DATA EXCERPT:

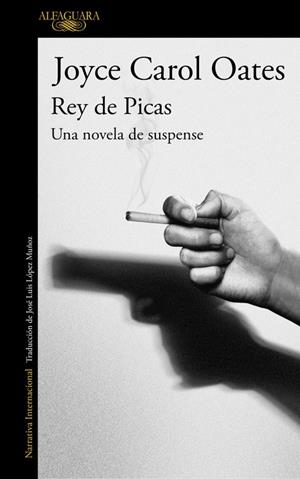 REY DE PICAS | 9788420420912 | OATES, JOYCE CAROL | Llibreria L'Altell - Llibreria Online de Banyoles | Comprar llibres en català i castellà online - Llibreria de Girona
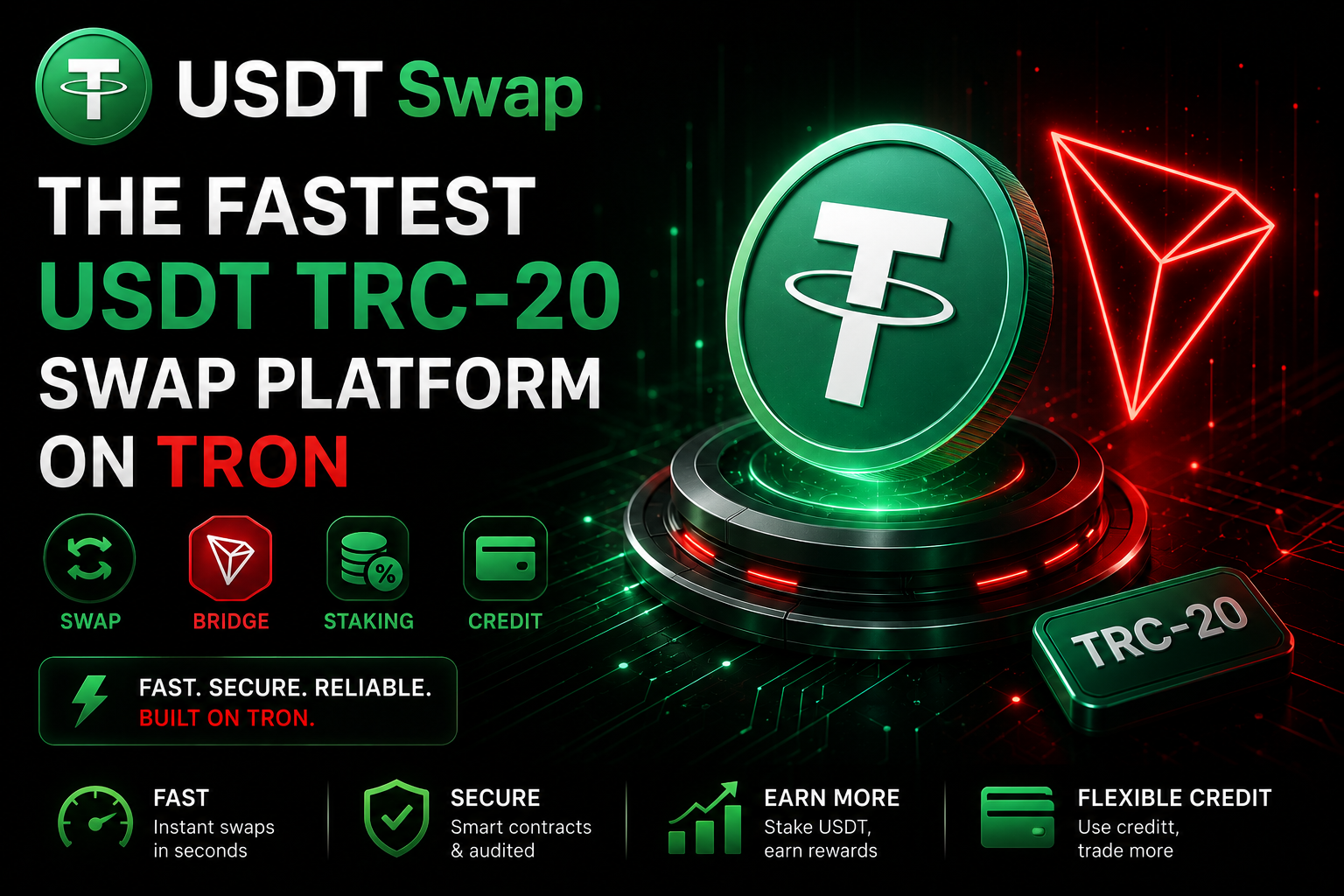 USDT Swap — The Fastest USDT TRC-20 Swap Platform on TRON with Bridge, Staking & Credit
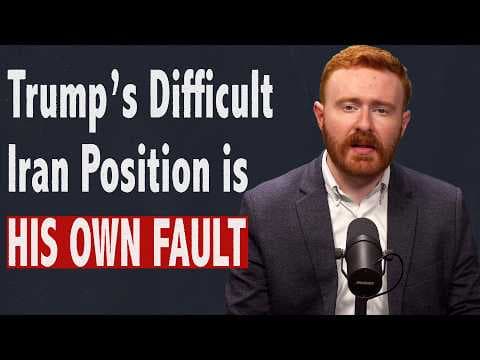 YouTube thumbnail for Trump’s Iran Predicament Is His Own Fault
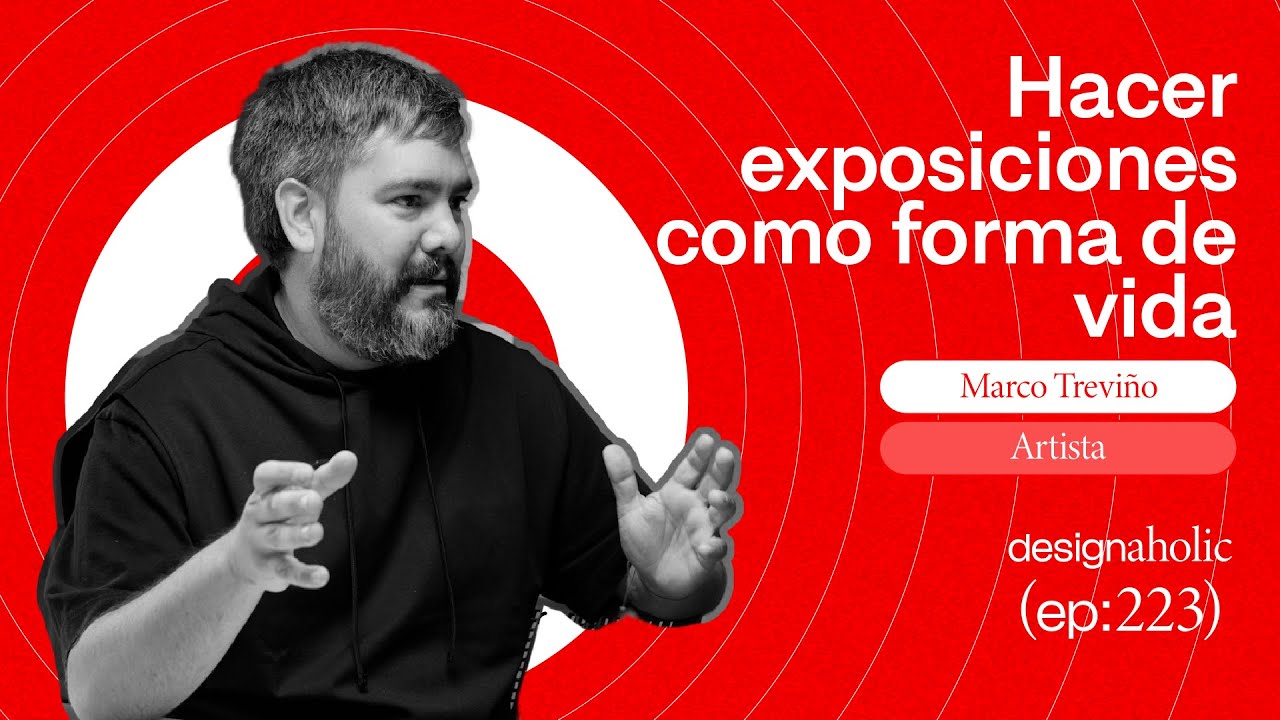 Hacer Exposiciones Como Forma de Vida &mdash; designaholic 223 &mdash; Marco Trevi&ntilde;o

WORK REQUIRED:
Print only the lines from the line that contains "USDT Swap —" to the final line of the data, inclusive. Pictures stay out.

ANSWER TO THE EXERCISE:
 USDT Swap — The Fastest USDT TRC-20 Swap Platform on TRON with Bridge, Staking & Credit
 YouTube thumbnail for Trump’s Iran Predicament Is His Own Fault
 Hacer Exposiciones Como Forma de Vida &mdash; designaholic 223 &mdash; Marco Trevi&ntilde;o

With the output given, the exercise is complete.